Periodic Reporting for period 1 - INGENE (Integrating Nutrient economy in phytoplankton GENomics and Evolution)
Reporting period: 2021-06-01 to 2023-05-31
The objectives 2 and 4 of INGENE aimed at analyzing the long-term signatures of N and P scarcity on phytoplankton genomes. I compiled a dataset of N and P content from complete genomes and protein coding genes for prokaryotic and eukaryotic species. I also compiled the cellular P and N content from a literature survey and estimated these values for 5 additional species from measurements performed in the laboratory. I joined both datasets and found an association between the P content of the genome sequence and the total P content of the cell. Moreover, I estimated that the P content of the genome represents up to 57% of the total P content of the cell in phytoplankton species. This is higher than the N content of the genome, which represents up to 9% of the total N content of the cell. As a consequence, selection on DNA mutations changing the P or N content of the genome may have a non-negligible impact on genome evolution. I investigated this hypothesis by the analysis of a mathematical model linking the growth rate of phytoplankton to the P requirement of a cell. This approach enabled me to explore the size of deletion mutations, which decrease genome P content, susceptible to be selected for in natural populations.

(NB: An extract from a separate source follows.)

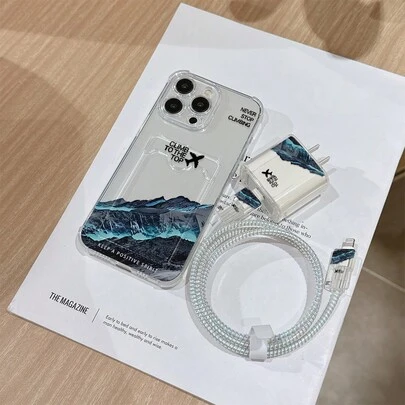 六合一套装：透明山峰飞机图案手机壳 + 充电头保护套 + 数据线保护套 + 收纳线 + 数据线缠绕线，TPU 防震保护壳，兼容 6/7/8/X/XS/XR/11/12/13/14/15/16 Pro Max，适合作为情侣、女性、女儿、男友、女友、青少年的生日和圣诞礼物。
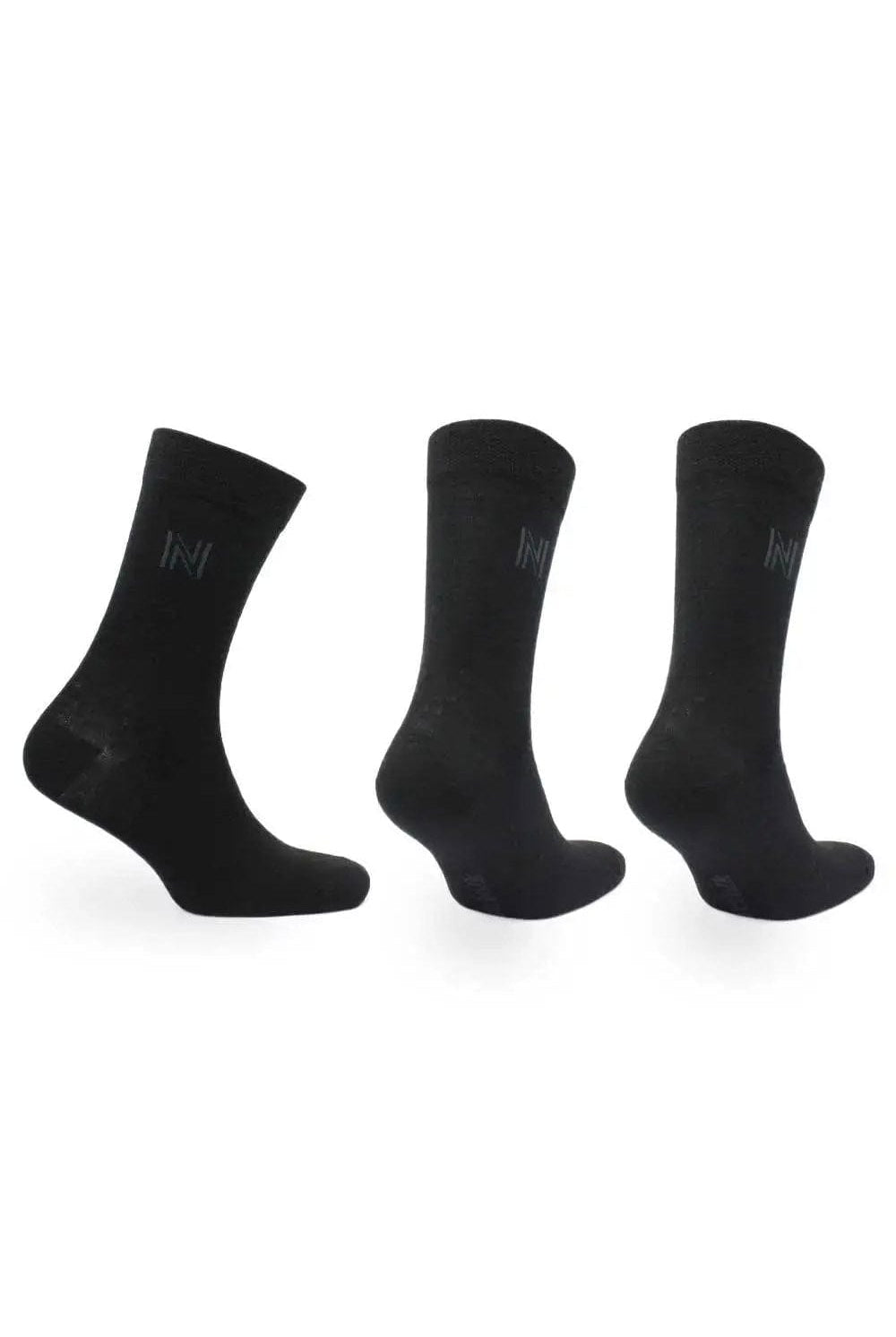 Norfolk Stockholm Merino Wool Socks 3 Pack - Black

I also investigated the N economy in the RNA and proteins of phytoplankton. Amino acids, which are the molecules that form proteins, are coded by messenger RNA sequences of three nucleotides, which are called codons. Some amino acids can be coded by more than one codon, and those codons that code for the same amino acid are called synonymous codons. A higher frequency of N cheap codons has been previously reported in plants and bacteria. The effect of changes in the usage of synonymous codons on the N requirements in messenger RNA scales up with the number of mRNA copies, so that we expect important gene to gene variations as there is a 4 order of magnitude difference between lowly expressed and highly expressed genes. I investigated if selection for N content was detectable on highly transcribed genes and found evidences that codon usage was more biased towards N poor codons in highly expressed genes. I will complete these analyses in the coming months.
The third objective was about estimating the effect of N and P on phytoplankton mutations. In collaboration with Dr. Krasovec, a CNRS research fellow from the host laboratory, we performed mutation accumulation (MA) experiments using phytoplankton cultures that grew with low N and P levels. We hypothetisize that low N and P levels might promote the occurence of mutations, as these low nutrient levels can be stressful for phytoplankton. Some of the mutation accumulation lines produced during MA experiments were already sequenced and the rest are being currently sequenced. I am currently analyzing the data.
INGENE integrates genomics, bioinformatics, and ecophysiology. The multidisciplinary framework provided by this project can be accommodated to other resources (e.g. organic compounds) and organisms (e.g. yeast, bacteria, plants, animals). In this way, INGENE can contribute to investigations carried out in other model organisms and scientific fields.